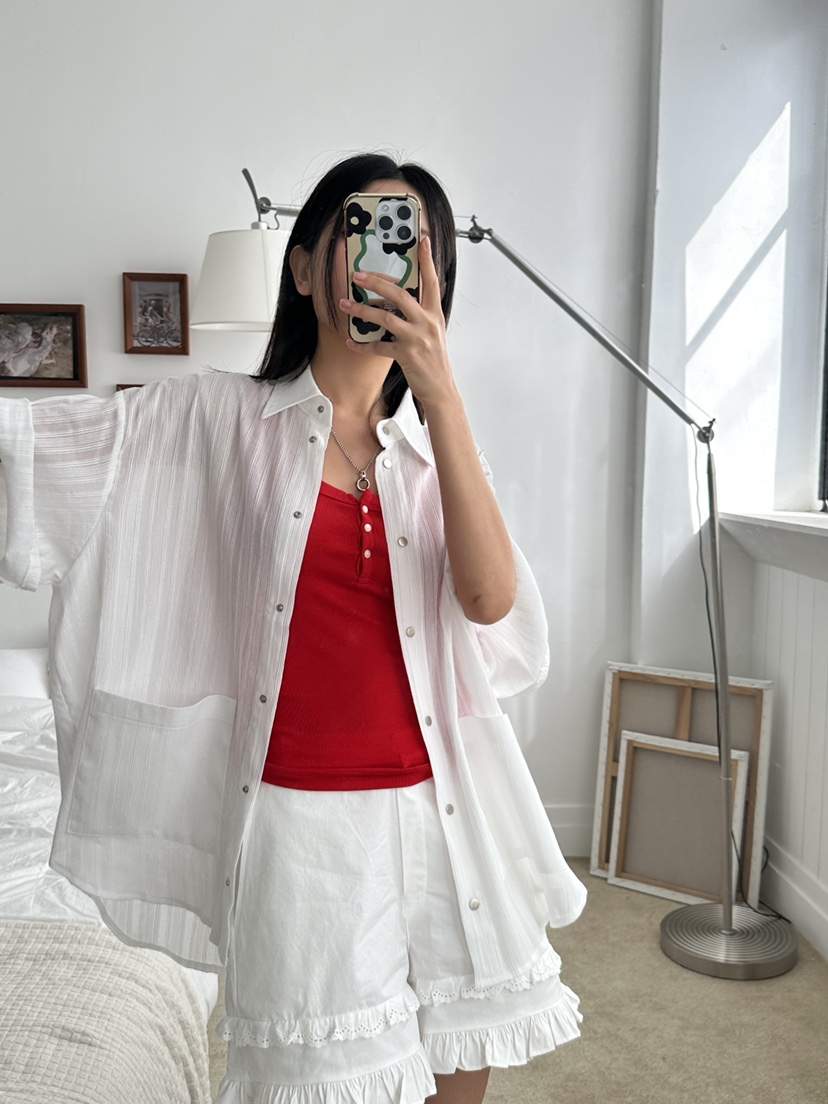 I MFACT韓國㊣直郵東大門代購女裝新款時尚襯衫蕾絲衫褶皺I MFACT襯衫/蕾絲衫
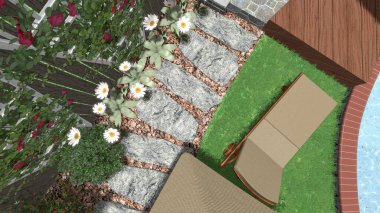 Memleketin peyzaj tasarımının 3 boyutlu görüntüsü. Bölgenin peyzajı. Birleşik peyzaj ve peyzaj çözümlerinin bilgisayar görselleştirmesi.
══════════
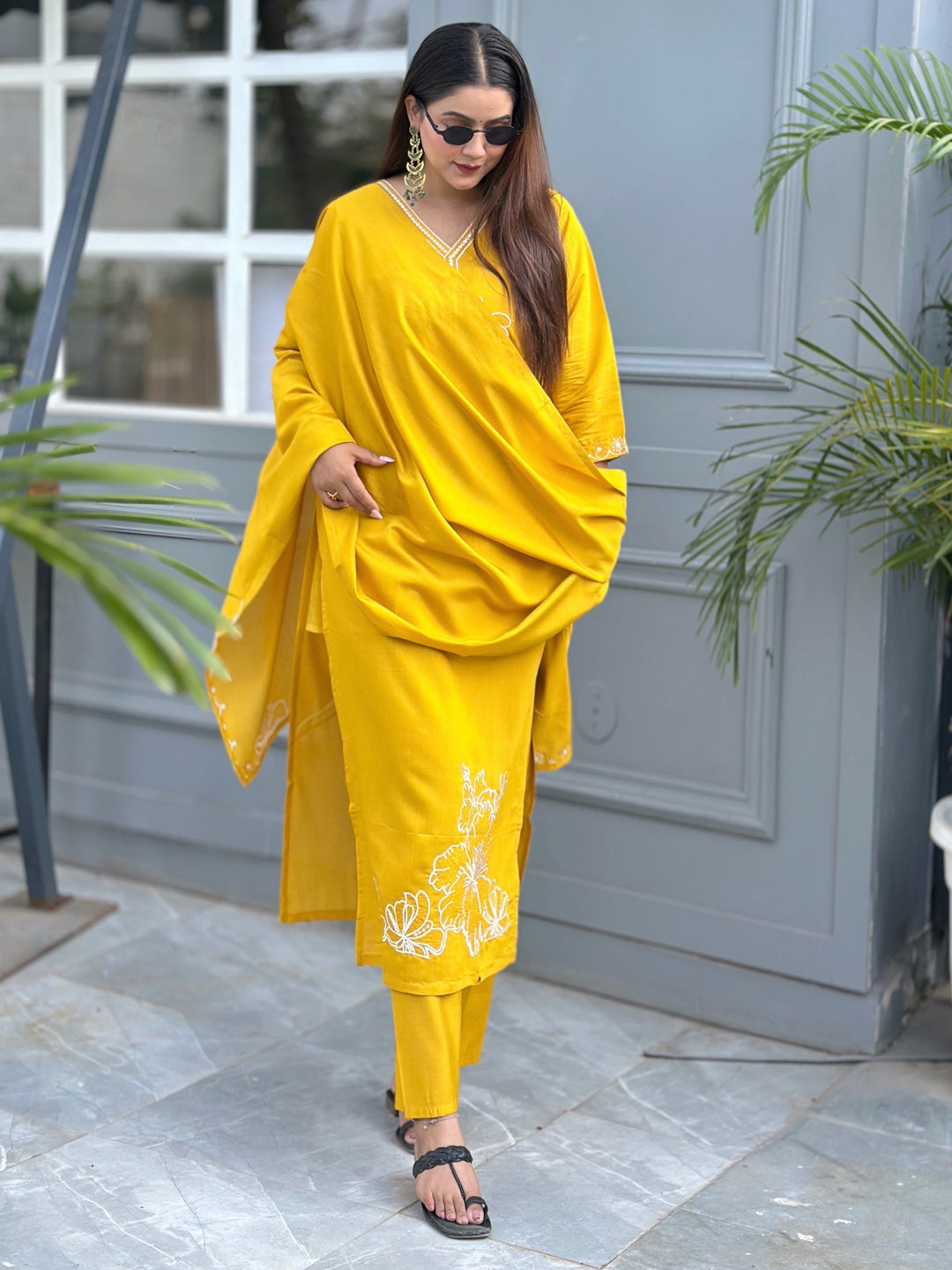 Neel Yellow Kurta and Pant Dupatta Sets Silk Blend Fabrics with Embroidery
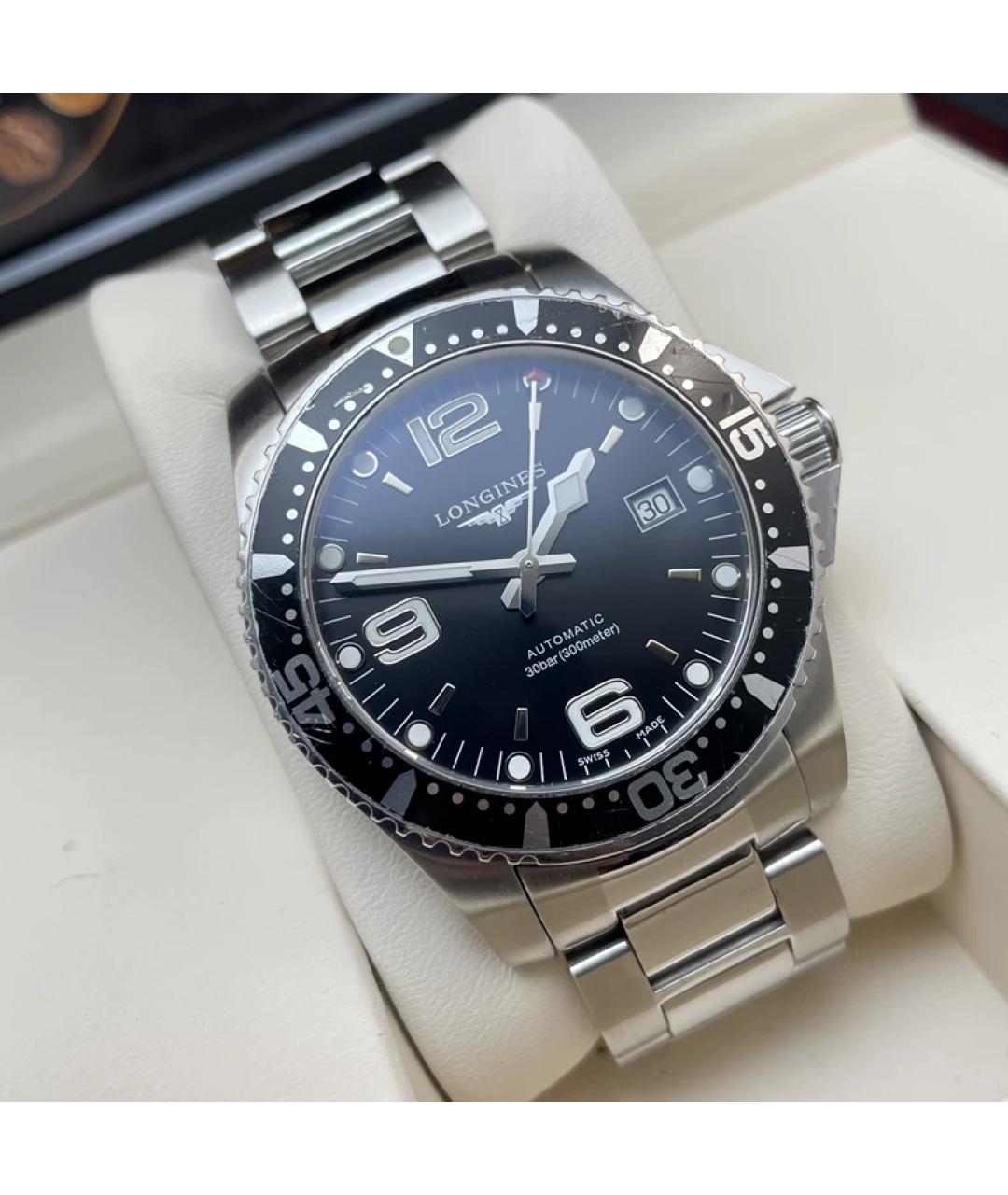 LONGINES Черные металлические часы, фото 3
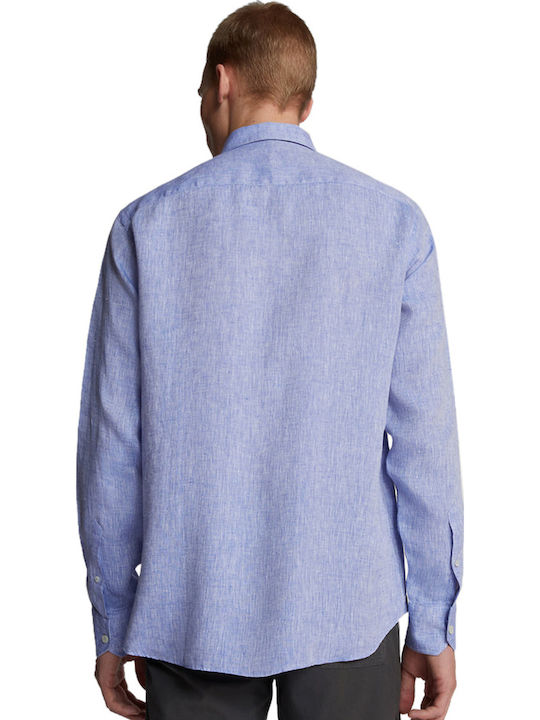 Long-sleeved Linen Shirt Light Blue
══════════
From the records above, output only the lines starting at the one containing "LONGINES Черные металлические часы, фото 3" and ending at the one containing "Long-sleeved Linen Shirt Light Blue", word for word. Pictures stay out.

 LONGINES Черные металлические часы, фото 3
 Long-sleeved Linen Shirt Light Blue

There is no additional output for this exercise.